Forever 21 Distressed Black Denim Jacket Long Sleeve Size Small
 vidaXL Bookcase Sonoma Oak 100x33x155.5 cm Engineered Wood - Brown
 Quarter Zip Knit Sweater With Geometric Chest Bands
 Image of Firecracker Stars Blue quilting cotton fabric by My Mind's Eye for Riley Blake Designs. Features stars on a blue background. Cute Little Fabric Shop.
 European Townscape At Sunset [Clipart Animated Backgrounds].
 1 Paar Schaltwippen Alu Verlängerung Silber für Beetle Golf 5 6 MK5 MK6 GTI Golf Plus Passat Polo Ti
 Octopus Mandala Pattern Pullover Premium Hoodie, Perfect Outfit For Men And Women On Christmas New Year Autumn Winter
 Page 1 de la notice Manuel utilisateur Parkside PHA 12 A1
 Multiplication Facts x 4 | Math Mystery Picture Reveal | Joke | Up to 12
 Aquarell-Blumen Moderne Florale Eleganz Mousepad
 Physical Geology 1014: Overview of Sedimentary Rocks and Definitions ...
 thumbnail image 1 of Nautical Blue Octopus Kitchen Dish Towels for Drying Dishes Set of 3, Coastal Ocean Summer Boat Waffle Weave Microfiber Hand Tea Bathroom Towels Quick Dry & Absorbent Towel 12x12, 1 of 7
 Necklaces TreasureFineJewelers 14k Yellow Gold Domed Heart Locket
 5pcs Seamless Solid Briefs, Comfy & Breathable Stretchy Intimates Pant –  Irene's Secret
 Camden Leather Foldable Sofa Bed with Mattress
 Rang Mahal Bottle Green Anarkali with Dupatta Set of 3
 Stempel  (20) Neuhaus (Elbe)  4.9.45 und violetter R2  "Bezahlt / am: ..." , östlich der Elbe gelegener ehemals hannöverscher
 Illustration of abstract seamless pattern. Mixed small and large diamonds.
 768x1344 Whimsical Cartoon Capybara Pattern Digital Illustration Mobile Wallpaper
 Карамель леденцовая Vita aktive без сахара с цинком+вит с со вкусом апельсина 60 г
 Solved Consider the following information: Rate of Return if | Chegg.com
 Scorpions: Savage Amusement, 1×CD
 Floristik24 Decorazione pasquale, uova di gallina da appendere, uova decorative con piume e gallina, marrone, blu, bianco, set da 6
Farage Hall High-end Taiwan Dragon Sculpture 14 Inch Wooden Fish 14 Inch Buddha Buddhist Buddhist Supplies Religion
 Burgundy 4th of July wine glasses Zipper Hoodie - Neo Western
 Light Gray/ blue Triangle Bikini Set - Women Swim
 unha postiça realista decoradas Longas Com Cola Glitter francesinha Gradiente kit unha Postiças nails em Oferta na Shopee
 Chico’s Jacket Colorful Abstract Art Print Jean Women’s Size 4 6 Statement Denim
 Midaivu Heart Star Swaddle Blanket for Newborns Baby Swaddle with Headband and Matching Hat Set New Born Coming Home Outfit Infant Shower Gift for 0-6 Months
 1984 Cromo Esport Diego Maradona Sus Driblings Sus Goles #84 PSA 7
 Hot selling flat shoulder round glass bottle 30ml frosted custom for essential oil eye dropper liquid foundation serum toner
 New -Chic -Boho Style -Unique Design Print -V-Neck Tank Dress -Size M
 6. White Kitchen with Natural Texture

→ **Activity**
Find every line in the records that uses the string "Size", then copy it.

→ **Worked solution**
Forever 21 Distressed Black Denim Jacket Long Sleeve Size Small
 Chico’s Jacket Colorful Abstract Art Print Jean Women’s Size 4 6 Statement Denim
 New -Chic -Boho Style -Unique Design Print -V-Neck Tank Dress -Size M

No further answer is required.